→ Exercise prompt
An exact copy of all entries is the expected answer.

→ Source records
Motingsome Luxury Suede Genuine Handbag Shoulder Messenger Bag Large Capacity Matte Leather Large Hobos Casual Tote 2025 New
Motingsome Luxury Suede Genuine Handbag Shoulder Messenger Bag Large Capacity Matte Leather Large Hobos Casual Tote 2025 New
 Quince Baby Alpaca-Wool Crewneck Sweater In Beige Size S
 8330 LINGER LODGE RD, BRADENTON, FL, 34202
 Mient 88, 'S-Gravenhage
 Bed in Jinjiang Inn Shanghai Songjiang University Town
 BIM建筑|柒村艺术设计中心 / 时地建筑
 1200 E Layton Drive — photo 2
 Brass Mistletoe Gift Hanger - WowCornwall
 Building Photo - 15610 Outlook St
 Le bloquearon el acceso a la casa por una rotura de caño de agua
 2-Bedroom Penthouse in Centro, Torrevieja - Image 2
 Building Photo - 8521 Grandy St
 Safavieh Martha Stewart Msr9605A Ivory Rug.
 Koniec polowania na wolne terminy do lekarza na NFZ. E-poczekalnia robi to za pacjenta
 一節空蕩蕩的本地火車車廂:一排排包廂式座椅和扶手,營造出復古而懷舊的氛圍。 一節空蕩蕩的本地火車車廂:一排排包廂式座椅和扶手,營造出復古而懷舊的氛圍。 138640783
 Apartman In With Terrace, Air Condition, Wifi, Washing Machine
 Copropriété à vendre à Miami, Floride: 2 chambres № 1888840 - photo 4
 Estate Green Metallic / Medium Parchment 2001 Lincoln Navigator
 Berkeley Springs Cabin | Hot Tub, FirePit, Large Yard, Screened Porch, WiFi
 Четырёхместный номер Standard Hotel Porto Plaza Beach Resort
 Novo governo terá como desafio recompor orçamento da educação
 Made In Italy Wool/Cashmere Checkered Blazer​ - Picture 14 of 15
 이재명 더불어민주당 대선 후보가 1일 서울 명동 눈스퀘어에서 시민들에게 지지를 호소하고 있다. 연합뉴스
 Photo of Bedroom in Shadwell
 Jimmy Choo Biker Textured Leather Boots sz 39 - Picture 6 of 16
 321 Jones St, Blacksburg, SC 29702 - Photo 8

→ Response area
Motingsome Luxury Suede Genuine Handbag Shoulder Messenger Bag Large Capacity Matte Leather Large Hobos Casual Tote 2025 New
Motingsome Luxury Suede Genuine Handbag Shoulder Messenger Bag Large Capacity Matte Leather Large Hobos Casual Tote 2025 New
 Quince Baby Alpaca-Wool Crewneck Sweater In Beige Size S
 8330 LINGER LODGE RD, BRADENTON, FL, 34202
 Mient 88, 'S-Gravenhage
 Bed in Jinjiang Inn Shanghai Songjiang University Town
 BIM建筑|柒村艺术设计中心 / 时地建筑
 1200 E Layton Drive — photo 2
 Brass Mistletoe Gift Hanger - WowCornwall
 Building Photo - 15610 Outlook St
 Le bloquearon el acceso a la casa por una rotura de caño de agua
 2-Bedroom Penthouse in Centro, Torrevieja - Image 2
 Building Photo - 8521 Grandy St
 Safavieh Martha Stewart Msr9605A Ivory Rug.
 Koniec polowania na wolne terminy do lekarza na NFZ. E-poczekalnia robi to za pacjenta
 一節空蕩蕩的本地火車車廂:一排排包廂式座椅和扶手,營造出復古而懷舊的氛圍。 一節空蕩蕩的本地火車車廂:一排排包廂式座椅和扶手,營造出復古而懷舊的氛圍。 138640783
 Apartman In With Terrace, Air Condition, Wifi, Washing Machine
 Copropriété à vendre à Miami, Floride: 2 chambres № 1888840 - photo 4
 Estate Green Metallic / Medium Parchment 2001 Lincoln Navigator
 Berkeley Springs Cabin | Hot Tub, FirePit, Large Yard, Screened Porch, WiFi
 Четырёхместный номер Standard Hotel Porto Plaza Beach Resort
 Novo governo terá como desafio recompor orçamento da educação
 Made In Italy Wool/Cashmere Checkered Blazer​ - Picture 14 of 15
 이재명 더불어민주당 대선 후보가 1일 서울 명동 눈스퀘어에서 시민들에게 지지를 호소하고 있다. 연합뉴스
 Photo of Bedroom in Shadwell
 Jimmy Choo Biker Textured Leather Boots sz 39 - Picture 6 of 16
 321 Jones St, Blacksburg, SC 29702 - Photo 8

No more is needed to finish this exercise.